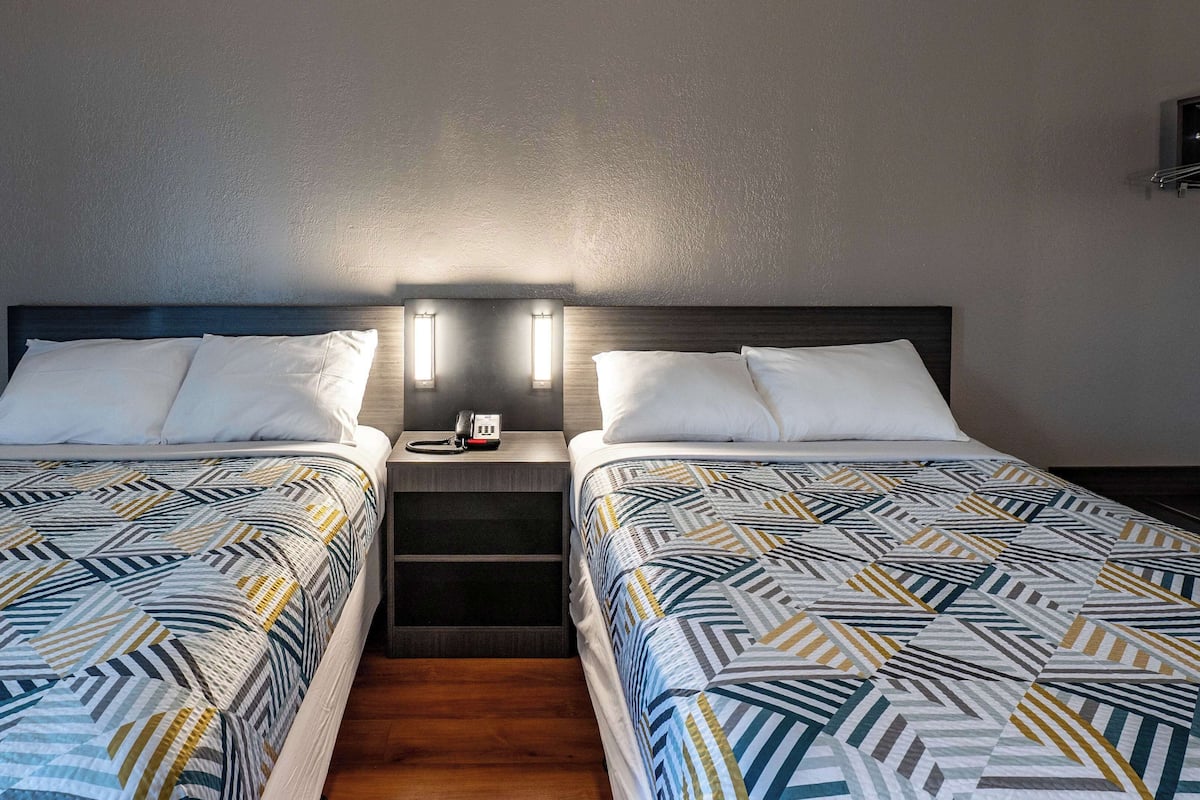 Une chambre d’hôtel avec deux lits, chacun agrémenté de draps à motifs, une table de chevet avec un téléphone et un luminaire fixé au mur.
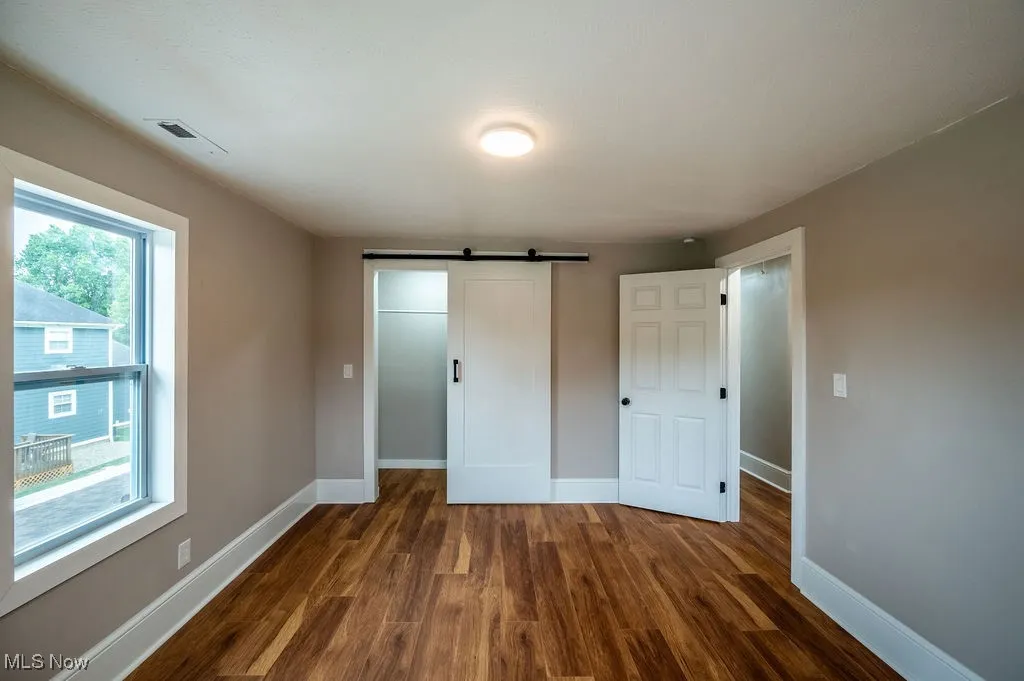 Unfurnished bedroom featuring a barn door and dark wood finished floors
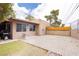 Spacious backyard featuring a large brick patio, perfect for outdoor entertaining and summer barbecues at 4232 Park Ct, Las Vegas, NV 89110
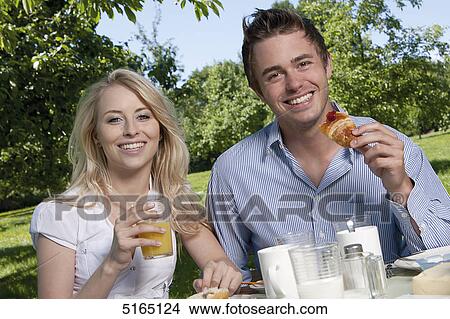 Picture - Young couple having breakfast in park . Fotosearch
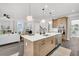 Open kitchen view with island, modern fixtures, and stainless steel appliances at 1308 Lieben Rd, Mount Pleasant, SC 29466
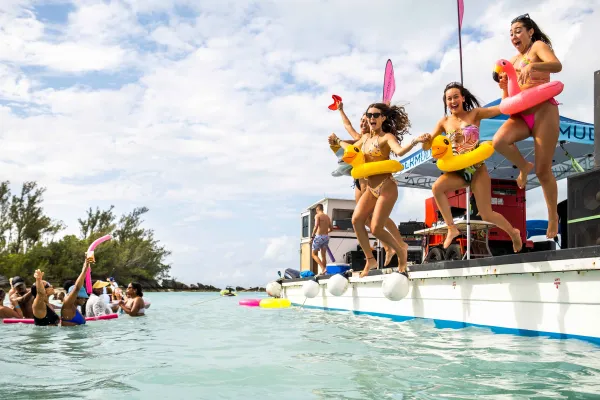 A group of girls are jumping off a floating dock.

**********

--- Description of the task ---
Start at the line holding "Picture - Young" and stop at the last line of the entries above. Repeat those lines exactly, pictures excluded.

--- Final answer ---
 Picture - Young couple having breakfast in park . Fotosearch
 Open kitchen view with island, modern fixtures, and stainless steel appliances at 1308 Lieben Rd, Mount Pleasant, SC 29466
 A group of girls are jumping off a floating dock.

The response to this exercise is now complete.